The DC QC I believe is standard on the SL, optional on the S and SV. So you can have an SV with 6kW L2 charger without the DC fast charge port. I believe you can also have a 3kW S with the DCQC port. So if you want to be sure to get 6kW plus DCQC, but can't see the charger port, you'd want to look for an SL to be safe. The easiest way to tell an SL from SV in pictures is usually to look for the little 12V solar panel on the rear spoiler.

Apart from that, the part numbers are different on the various charger combinations if you can examine the charger itself.

Rob


----------



## miscrms (Sep 25, 2013)

2013 S Trim Radio:









2013 SL/SV Audio Nav unit:









2013 SV with solar panel on spoiler visible:


----------



## miscrms (Sep 25, 2013)

Here's a table that gives you an idea of some of the part numbers for various versions of the 2013 charger. The required packages field should tell you if its a 6kW and/or DC/QC version. If it doesn't say 6kW its a 3kW, and if it doesn't say QC Port its not QC. If it says none, its 3kW w/o DCQC.
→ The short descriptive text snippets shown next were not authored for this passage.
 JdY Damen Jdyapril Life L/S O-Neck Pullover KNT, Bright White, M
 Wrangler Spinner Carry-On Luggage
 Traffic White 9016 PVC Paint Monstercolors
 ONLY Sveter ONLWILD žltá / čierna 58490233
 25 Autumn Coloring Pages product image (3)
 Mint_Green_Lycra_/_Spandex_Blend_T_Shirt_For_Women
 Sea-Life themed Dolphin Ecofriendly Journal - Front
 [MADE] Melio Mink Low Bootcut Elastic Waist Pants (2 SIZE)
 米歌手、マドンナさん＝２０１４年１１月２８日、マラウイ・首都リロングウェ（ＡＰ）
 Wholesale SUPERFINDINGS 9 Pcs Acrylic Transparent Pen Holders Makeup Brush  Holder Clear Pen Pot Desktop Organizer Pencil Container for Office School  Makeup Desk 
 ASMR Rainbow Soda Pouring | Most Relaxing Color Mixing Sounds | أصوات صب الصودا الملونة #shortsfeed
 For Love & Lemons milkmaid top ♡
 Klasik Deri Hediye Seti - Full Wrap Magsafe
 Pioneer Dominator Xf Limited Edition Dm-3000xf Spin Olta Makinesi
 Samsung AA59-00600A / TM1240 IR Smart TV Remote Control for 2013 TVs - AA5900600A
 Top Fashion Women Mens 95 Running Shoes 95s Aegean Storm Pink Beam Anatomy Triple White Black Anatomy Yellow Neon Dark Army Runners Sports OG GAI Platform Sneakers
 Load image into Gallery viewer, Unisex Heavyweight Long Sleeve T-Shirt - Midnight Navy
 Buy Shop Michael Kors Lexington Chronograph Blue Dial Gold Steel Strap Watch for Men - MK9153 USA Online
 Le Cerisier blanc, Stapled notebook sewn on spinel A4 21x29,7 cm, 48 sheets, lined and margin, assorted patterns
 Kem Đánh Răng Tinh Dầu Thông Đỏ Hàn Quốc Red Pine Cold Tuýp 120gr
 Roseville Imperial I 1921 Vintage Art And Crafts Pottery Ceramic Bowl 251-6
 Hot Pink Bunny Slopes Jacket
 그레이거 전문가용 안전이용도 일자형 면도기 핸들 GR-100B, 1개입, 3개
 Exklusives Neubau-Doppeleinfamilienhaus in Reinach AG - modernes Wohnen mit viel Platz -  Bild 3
http://parts.nissanusa.com/nissanpa...id=14&groupid=E&sectionid=290&partcode=292C0M

Rob


----------



## zepol_wube (Oct 31, 2015)

Rob, the link to me to a generic Nissan parts search page, did you have your link to a more direct table? If not, what did you search on to get to the table you speak of?


----------



## zepol_wube (Oct 31, 2015)

I just got an image from the junk yard, the parts tag on the back of the unit says 6.6kVA so half my question on that unit is answered. I still cannot tell if it is fast charge capable but I have the P/N now if Rob can get me back to the table he mentioned.

For the dumb newbie, I was trying to post the image of the charger parts tag, but have not found the proper button to poke. How did miscrms get the images in his post please?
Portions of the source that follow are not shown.